The bill clarifies and streamlines the statutory trigger for DOJ vacancy appointments—reducing ambiguity—but may shorten or change protections for acting appointees and invite litigation over who has appointment authority.
U.S. Attorneys and DOJ leadership: the bill makes the expiration of the time limits in 28 U.S.C. § 3346 the explicit trigger for filling vacancies, giving clearer statutory timing and reducing ambiguity about when interim or permanent appointments must be made.
Federal employees (including U.S. Attorneys and DOJ officials): removing an outdated subsection (d) simplifies the vacancy-appointment rules and eliminates ambiguous procedures, which can reduce administrative complexity and legal uncertainty about interim appointments.
U.S. Attorneys and temporary DOJ appointees: if the removed subsection previously provided additional protections or deadlines, the change may shorten or otherwise alter appointment windows, disrupting staffing continuity or expected time in acting status.
Federal employees and law enforcement: altering the statutory vacancy trigger could prompt litigation or disputes over appointment authority (e.g., between the Attorney General and temporary appointees) as courts interpret the revised text, producing delays and legal costs.
Based on analysis of 2 sections of legislative text.
Alters the statutory trigger for U.S. Attorney vacancy rules by tying it to the time limits in section 3346 and removes a prior appointment-related provision in §546.

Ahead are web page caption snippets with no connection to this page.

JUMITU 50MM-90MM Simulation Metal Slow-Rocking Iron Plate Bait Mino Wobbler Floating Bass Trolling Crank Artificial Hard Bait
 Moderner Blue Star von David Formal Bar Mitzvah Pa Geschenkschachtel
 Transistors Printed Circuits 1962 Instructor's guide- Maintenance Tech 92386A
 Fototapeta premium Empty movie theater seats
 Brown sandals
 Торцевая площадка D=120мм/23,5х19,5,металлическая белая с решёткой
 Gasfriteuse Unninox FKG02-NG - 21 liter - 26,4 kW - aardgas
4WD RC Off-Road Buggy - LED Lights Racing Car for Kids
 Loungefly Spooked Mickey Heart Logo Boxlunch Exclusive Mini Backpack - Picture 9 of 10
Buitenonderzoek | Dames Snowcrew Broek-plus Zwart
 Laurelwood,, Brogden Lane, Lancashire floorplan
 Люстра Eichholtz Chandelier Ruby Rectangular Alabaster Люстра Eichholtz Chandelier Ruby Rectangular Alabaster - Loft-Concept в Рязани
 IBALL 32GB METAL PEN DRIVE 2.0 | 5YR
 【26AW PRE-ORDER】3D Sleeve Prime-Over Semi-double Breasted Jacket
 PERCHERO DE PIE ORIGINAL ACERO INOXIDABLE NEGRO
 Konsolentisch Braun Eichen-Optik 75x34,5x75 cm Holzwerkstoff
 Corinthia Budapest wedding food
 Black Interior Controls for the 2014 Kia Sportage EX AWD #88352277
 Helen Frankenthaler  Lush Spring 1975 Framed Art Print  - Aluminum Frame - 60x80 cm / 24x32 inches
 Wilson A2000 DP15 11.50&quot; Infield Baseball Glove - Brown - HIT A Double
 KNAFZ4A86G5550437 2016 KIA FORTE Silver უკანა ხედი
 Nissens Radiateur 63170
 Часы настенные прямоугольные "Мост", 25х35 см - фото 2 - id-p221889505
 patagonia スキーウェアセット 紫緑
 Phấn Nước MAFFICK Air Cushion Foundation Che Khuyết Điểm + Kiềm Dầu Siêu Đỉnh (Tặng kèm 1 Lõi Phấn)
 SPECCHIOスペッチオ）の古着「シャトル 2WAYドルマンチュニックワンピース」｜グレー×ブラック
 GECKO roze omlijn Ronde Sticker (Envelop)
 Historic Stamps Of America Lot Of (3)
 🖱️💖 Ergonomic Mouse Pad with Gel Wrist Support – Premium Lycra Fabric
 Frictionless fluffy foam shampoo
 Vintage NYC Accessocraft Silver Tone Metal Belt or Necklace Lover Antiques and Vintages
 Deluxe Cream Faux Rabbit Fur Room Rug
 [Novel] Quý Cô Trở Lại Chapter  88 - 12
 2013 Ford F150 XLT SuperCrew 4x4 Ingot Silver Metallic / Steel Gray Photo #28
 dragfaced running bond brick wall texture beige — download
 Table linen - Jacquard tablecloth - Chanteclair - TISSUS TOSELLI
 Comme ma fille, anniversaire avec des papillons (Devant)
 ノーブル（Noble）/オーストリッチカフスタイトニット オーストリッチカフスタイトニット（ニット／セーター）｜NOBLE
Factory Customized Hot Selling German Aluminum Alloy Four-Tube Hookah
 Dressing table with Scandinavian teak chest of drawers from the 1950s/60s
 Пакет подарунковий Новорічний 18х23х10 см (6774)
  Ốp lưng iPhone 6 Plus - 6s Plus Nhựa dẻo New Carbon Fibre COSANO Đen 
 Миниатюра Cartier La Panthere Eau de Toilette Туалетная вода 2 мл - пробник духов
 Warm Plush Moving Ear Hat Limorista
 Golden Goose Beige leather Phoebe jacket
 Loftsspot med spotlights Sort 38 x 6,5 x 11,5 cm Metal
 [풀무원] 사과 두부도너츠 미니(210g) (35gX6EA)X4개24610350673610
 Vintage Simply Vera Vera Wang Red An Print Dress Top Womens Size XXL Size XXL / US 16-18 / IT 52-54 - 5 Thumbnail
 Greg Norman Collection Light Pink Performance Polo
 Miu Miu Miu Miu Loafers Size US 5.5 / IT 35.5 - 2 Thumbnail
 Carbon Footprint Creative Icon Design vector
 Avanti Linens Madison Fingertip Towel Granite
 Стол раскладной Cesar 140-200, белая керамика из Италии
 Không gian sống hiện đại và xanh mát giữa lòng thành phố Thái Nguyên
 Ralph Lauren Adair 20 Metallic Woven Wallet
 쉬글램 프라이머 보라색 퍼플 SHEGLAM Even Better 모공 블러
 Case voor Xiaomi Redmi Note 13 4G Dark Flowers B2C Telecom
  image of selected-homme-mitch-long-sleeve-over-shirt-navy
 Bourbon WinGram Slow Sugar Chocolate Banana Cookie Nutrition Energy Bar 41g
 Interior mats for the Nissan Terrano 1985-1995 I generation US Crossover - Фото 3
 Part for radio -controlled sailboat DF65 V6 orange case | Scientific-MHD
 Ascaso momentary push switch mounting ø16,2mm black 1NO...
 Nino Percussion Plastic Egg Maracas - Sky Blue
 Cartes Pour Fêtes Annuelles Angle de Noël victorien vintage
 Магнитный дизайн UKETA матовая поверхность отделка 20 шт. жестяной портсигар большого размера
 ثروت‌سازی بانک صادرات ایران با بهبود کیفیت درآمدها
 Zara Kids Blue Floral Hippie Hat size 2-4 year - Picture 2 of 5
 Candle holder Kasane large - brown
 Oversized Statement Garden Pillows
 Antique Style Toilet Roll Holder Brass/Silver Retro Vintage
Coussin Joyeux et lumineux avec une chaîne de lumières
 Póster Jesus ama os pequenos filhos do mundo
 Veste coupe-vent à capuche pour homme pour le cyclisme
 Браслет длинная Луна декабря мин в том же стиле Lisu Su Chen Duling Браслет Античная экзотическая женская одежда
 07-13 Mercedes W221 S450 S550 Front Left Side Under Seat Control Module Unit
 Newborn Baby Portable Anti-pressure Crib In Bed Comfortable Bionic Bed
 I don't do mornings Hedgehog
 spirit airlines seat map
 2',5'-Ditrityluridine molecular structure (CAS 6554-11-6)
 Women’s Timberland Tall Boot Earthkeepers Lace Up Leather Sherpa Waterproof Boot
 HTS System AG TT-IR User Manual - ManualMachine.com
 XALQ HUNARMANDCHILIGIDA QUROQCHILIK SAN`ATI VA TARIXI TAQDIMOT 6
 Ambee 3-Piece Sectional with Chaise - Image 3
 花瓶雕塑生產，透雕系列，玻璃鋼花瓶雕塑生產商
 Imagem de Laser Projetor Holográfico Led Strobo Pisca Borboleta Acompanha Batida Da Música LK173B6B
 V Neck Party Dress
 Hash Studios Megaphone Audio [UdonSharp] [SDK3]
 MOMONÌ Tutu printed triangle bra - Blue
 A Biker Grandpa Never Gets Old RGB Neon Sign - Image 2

Introduced August 15, 2025 by Nancy Mace · Last progress August 15, 2025
Changes the federal law that governs how temporary vacancies for United States Attorneys are treated. It replaces one listed trigger for filling a vacancy so that the trigger is the "expiration of the time limitations in section 3346," and it removes an existing separate provision that previously addressed vacancy procedures.